Henderson majored in sociology, Maiava in Hawaiian studies. Thomas got a degree in business management. Freitas just needs a few credits this summer to finish up his teaching degree. But he wanted to walk the walk for the sake of his family and to join his other three teammates, who were among the 1,250 receiving their degrees.

The four were among the 25 original freshmen in the football recruiting class of 1992.

They could really be called the survivors, a term they used after the painful 1996 football season.

"We're the survivors, the soldiers, the ones who stuck it out," Henderson said. "It hasn't been easy on anybody going from first to worst. But I know I'll be a better man for it."

IT was more painful, perhaps, for Henderson than the others. After all, he had a chance to play as a true freshman in 1992, when the Rainbows shared their first-ever Western Athletic Conference football championship and followed up with a victory over Illinois in the Holiday Bowl.

It never got any better than that for Doe, a 5-foot-9, 182-pound defensive back from Los Angeles, who was first known as Demitreus when he showed up at Cooke Field.

Since that grand 1992 season, the Rainbows went 6-6, 3-8-1, 4-8 and 2-10 and had a change of coaches.

Henderson, who redshirted in 1995 because of a back injury, had the distinction of being the only UH player in this year's Hooters Hula Bowl.

Thomas, a running back, is also from Los Angeles, while Freitas, who quarterbacked the Rainbows, and linebacker Maiava are products of Oahu's public high schools -- Glenn coming from Waianae and Maiava from Kahuku.

THE four might have come in during the best of times and ended their football careers at the worst of times. But as seniors they left an enduring impression on their new coach, Fred vonAppen.

"Their senior campaign must have been frustrating from a won-lost standpoint. (But) the 13 seniors we had on our team were a special bunch of guys," vonAppen said.

"I wish we had Doe under our tutelage longer than we did. In my one-year association with him, he has been a model student."

Thomas was also an exemplary student, according to vonAppen.

"Glenn is already working with the kids at Waianae.
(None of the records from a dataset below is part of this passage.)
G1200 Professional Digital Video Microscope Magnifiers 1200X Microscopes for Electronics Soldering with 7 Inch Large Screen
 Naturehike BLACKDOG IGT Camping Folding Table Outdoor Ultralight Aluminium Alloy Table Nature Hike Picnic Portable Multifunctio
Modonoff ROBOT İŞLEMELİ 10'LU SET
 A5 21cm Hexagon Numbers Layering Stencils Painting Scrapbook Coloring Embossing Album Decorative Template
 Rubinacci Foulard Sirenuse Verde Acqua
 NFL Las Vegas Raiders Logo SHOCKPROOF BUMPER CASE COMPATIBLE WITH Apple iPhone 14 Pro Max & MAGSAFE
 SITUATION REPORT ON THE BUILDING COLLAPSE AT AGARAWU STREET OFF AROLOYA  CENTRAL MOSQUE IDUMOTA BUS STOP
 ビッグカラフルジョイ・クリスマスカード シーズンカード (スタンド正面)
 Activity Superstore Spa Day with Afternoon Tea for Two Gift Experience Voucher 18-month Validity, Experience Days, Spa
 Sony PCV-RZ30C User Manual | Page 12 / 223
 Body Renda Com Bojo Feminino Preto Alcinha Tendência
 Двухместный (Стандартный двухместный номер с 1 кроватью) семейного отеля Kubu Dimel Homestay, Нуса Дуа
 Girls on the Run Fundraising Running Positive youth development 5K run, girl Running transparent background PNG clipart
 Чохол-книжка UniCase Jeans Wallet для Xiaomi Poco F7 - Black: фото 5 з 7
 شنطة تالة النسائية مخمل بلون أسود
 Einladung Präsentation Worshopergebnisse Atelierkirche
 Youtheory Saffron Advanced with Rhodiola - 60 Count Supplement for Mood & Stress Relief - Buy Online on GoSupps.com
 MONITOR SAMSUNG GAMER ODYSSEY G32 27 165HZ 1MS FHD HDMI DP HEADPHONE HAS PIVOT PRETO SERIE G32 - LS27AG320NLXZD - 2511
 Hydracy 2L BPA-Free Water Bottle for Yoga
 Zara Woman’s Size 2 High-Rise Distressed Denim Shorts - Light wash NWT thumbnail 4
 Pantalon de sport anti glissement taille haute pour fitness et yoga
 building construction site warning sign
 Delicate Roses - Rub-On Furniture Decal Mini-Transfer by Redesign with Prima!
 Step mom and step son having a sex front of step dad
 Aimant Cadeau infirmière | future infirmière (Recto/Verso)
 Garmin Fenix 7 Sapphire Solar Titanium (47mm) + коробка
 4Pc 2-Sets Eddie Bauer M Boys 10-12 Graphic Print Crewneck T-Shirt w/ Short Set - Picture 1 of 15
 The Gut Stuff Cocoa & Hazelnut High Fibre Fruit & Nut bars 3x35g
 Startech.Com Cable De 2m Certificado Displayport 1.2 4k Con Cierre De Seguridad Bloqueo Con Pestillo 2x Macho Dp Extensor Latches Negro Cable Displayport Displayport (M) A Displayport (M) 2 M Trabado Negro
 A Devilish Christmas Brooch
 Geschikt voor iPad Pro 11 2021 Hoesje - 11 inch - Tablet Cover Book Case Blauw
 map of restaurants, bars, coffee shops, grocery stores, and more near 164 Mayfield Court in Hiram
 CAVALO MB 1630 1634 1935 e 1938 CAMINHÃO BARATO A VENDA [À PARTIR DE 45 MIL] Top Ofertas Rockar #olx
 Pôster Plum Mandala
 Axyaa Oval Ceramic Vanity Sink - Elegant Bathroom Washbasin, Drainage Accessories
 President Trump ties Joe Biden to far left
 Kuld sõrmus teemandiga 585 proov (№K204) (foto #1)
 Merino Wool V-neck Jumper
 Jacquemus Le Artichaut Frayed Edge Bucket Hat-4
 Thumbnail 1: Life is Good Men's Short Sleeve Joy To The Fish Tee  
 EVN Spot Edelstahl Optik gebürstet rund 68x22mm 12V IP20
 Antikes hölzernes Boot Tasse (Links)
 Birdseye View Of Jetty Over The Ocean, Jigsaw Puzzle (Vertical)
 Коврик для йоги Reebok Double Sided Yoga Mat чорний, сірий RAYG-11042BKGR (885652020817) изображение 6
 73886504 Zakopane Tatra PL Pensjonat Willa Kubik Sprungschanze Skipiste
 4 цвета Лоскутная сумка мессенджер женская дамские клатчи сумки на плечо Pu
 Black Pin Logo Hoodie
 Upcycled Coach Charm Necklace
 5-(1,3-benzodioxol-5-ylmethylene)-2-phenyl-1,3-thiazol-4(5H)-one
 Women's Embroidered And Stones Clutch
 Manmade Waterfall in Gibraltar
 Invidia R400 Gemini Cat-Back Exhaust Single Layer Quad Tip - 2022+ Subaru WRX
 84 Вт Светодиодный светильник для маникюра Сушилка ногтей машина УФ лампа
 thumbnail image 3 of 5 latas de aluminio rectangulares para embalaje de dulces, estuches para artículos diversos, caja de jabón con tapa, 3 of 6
They want him for their football program again and I can see why. He's a competitor," vonAppen said.

They got their degrees and proudly took part in the commencement exercises, making it all worth the while in the end.

The four didn't just earn a letter in football. They got their college degrees.

"They can walk out with something to go to the marketplace with," vonAppen said. "That's what it's all about."



Bill Kwon has been writing
about sports for the Star-Bulletin since 1959.